Warning! This blog's new home now is here.

# CIS 194, week 2, Algebraic Data Types

14 Aug 2014

This is a post about week 2 of the CIS 194: Introduction to Haskell course by Brent Yorgey, from the Penn University of Pennsilvania.

This week is all about Algebraic Data Types (ADT), not to be confused with Abstract Data Types (also ADT) which are another topic.

Haskell has enumeration types (like Java, but still less verbose and more intuitive). An example:

``````data Food = Pizza
| Bacon
deriving Show
``````

We have just declared a new (algebraic data) type called `Food`, with three data constructors which are the only values of the type `Food`.

We can now define new functions on the new data type using pattern matching:

``````isTempting:: Food -> Boolean
isTempting Salad = False
isTempting _ = True
``````

But in Haskell enumeration types are only a special case of Algebraic Data Types. One common class of ADT is called sum type (a.k.a. tagged union). A simple example of ADT which is not an enumeration is this:

``````data OperationResult = OK
| Error Integer
deriving Show
``````

Here we see that `Error` is a data constructor that takes an argument of type `Integer`. We can construct new `OperationResult` values using the `Error` data constructor:

``````success:: OperationResult
success = OK

failure:: OperationResult
failure = Error 404
``````

`OK` is a value of type `OperationResult` (since it's a data constructor with zero arguments), but `Error` by itself it's not. We have to pass an `Integer` value to it to build an `OperationResult` with it.

We've just introduced polymorphic data types. Specifically, we can have type signatures with variables just as we can have function implementations with variables. The difference here is that while in actual code variables are symbols bound to values, in type variables are bound to types of values. In other words, types are actually values in type signatures. We're reasoning on a higher and more abstract level. Take a moment to contemplate this fact.

Formally, in Haskell an ADT is a type with one or more data constructors, each one of them can have zero or more arguments.
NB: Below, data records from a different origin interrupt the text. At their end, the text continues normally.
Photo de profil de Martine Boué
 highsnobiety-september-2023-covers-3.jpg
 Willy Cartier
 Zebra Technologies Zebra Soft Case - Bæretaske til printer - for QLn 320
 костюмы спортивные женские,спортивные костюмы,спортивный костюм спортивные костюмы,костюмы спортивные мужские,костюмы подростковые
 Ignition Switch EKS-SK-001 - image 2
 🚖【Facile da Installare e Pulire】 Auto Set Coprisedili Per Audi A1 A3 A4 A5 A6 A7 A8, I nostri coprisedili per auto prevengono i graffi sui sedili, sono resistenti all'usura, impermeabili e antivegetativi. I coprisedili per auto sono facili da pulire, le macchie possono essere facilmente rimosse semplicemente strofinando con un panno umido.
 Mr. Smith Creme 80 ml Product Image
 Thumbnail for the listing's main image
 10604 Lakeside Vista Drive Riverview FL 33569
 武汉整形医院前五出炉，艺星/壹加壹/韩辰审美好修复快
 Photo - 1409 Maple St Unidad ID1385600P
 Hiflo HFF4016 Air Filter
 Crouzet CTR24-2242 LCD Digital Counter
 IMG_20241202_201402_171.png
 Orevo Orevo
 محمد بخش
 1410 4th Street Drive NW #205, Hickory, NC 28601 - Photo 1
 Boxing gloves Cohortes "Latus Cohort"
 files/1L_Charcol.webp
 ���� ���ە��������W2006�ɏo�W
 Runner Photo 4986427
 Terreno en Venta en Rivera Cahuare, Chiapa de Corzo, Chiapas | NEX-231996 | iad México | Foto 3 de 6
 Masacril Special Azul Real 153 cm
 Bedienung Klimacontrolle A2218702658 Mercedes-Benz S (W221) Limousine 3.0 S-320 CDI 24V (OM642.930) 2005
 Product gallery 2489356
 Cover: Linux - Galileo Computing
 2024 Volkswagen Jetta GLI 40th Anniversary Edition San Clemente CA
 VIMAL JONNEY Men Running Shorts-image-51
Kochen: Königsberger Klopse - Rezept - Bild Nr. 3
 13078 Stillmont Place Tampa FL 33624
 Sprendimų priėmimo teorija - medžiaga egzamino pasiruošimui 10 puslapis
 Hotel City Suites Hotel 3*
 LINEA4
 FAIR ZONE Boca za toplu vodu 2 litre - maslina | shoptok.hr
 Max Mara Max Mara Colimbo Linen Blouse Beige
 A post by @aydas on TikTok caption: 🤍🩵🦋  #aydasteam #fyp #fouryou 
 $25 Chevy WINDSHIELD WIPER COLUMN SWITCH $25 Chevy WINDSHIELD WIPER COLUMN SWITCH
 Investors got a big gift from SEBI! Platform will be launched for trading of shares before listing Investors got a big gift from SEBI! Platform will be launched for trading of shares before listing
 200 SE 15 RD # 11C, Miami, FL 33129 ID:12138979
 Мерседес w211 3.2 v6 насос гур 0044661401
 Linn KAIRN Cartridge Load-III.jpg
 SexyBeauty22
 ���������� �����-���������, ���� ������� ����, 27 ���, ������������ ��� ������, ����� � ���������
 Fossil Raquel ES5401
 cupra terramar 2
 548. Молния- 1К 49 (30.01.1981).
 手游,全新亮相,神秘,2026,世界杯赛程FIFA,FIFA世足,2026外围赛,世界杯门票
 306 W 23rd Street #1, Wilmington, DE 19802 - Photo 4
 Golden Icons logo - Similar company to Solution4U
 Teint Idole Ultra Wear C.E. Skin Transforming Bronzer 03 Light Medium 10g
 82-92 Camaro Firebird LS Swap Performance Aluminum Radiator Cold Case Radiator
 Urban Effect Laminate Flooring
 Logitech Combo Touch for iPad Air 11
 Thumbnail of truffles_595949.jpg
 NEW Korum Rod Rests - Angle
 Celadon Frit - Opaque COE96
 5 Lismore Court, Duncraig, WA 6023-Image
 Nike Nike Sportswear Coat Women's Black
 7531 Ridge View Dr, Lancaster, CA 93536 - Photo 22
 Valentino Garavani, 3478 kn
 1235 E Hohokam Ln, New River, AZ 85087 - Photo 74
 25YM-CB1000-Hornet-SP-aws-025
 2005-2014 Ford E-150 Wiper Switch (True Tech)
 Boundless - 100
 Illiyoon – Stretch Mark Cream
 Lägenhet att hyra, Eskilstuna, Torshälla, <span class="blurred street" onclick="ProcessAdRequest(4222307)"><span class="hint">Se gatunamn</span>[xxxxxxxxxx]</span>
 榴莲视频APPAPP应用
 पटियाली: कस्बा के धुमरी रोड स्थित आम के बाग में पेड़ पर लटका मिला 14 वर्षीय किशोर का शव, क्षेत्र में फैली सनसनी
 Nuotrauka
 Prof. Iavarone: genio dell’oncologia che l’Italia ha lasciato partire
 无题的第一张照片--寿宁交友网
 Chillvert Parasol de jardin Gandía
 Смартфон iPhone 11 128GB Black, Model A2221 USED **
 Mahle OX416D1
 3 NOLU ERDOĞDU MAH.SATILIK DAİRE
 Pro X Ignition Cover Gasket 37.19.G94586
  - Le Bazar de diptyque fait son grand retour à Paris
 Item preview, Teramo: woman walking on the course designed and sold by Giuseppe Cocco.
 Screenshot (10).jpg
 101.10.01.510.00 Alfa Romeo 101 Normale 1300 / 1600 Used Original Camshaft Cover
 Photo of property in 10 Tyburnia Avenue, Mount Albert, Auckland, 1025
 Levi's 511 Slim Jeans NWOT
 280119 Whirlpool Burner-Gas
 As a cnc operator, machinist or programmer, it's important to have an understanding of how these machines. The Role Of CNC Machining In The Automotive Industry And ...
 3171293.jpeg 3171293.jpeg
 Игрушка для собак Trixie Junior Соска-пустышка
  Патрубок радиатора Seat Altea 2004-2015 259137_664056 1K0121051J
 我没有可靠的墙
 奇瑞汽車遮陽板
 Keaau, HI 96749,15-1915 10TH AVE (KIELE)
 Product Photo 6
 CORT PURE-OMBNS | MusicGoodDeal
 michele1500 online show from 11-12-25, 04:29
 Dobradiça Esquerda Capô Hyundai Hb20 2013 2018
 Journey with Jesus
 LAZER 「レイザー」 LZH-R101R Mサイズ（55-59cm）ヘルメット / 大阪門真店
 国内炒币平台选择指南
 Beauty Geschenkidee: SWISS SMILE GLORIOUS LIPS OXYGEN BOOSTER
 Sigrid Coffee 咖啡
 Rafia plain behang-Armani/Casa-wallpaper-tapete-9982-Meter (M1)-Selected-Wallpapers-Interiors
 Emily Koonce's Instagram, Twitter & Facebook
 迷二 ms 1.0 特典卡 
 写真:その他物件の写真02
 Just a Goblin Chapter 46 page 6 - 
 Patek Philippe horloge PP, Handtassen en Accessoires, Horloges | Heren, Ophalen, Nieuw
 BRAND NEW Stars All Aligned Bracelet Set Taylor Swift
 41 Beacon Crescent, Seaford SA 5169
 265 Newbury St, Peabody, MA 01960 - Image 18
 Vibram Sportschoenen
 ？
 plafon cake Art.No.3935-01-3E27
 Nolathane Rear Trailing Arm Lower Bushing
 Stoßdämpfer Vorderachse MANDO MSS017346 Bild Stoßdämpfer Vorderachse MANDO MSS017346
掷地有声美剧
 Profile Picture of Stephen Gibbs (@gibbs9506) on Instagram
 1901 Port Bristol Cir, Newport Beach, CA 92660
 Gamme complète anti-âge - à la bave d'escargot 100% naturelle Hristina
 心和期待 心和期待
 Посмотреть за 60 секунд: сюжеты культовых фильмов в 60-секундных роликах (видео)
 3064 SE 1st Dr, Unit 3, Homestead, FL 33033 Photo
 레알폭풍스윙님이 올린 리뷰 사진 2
A general example that shows how to build values is:

``````isSafeDiv:: Double -> Double -> OperationResult
isSafeDiv _ 0 = Error 1000
isSafeDiv _ _ = OK
``````

We can also use pattern matching to make decisions based on the structure of the `OperationResult` value and bind variables to the arguments:

``````isSuccessful:: OperationResult -> Boolean
isSuccessful OK = True
isSuccessful (Error n) = False
``````

It's idiomatic in Haskell when you have an algebraic data type with a single data constructor, to name it like the data type itself. Example:

``````data Person = Person String String Int
deriving Show
``````

This can be done since types and data constructors live in separate namespaces.

## Pattern Matching

In general, pattern matching is a way to know what data constructor has been used to create a value of a certain ADT, and to take apart its arguments. Effectively, in Haskell this is the only way to make decisions.

``````pat ::= _
| var
| var @ (pat)
| (Constructor pat1 pat2 ... patn)
``````

In order:

• `_` is a wildcard.
• We can pattern match against literal values (for example: `OK`).
• We can pattern match against a pattern, and still bind the entire value to a variable.
• We can pattern match against a data constructor (even recursively).

It's worth noting that types like `Int` can be viewed like an ADT:

``````data Int = 0 | 1 | 2 | ...
``````

Indeed, we can pattern match on its values. But, perhaps obviously, they are not implemented like that in the compiler.

### Case expressions

A way (the only one actually) to do pattern matching is by using case expressions:

``````case exp of
pat1 -> exp1
pat2 -> exp2
...
``````

For example, we could reimplement the `isSuccessful` function from earlier using a case expression:

``````isSuccessful:: OperationResult -> Boolean
isSuccessful op = case op of
OK -> True
(Error n) -> False
``````

However it's more elegant to use the first version. Indeed, the syntax for doing pattern matching in a function definition is just syntactic sugar on case expressions.

## Recursive algebraic data types

It's interesting to note that ADTs can be recursive. For example, let's define a list of integers:

``````data IntList = Empty
| Cons Int IntList
``````

This definition can be read as: "an `IntList` is either an `Empty` one or an `Int` value followed by an `IntList`". This kind of definition is quite clear and elegant (see Church encoding). For example:

``````-- [1,2,3] can be represented as an IntList:
l:: IntList
l = Cons 1 (Cons 2 (Cons 3 Empty))
``````

A recursive data ADT naturally leads to recursive functions. For example, to calculate the sum of all the values in an `IntList`:

``````calcSum:: IntList -> Int
calcSum Empty = 0
calcSum (Cons n ns) = n + calcSum ns
``````

So, we've seen so far that type signatures can have variables, and can be recursive. Sounds like we could have a Turing-complete type system... indeed, we have one. Someone even implemented a LISP interpreter that completely runs on the Haskell type system!

That's all for this week. Remember: do the exercises!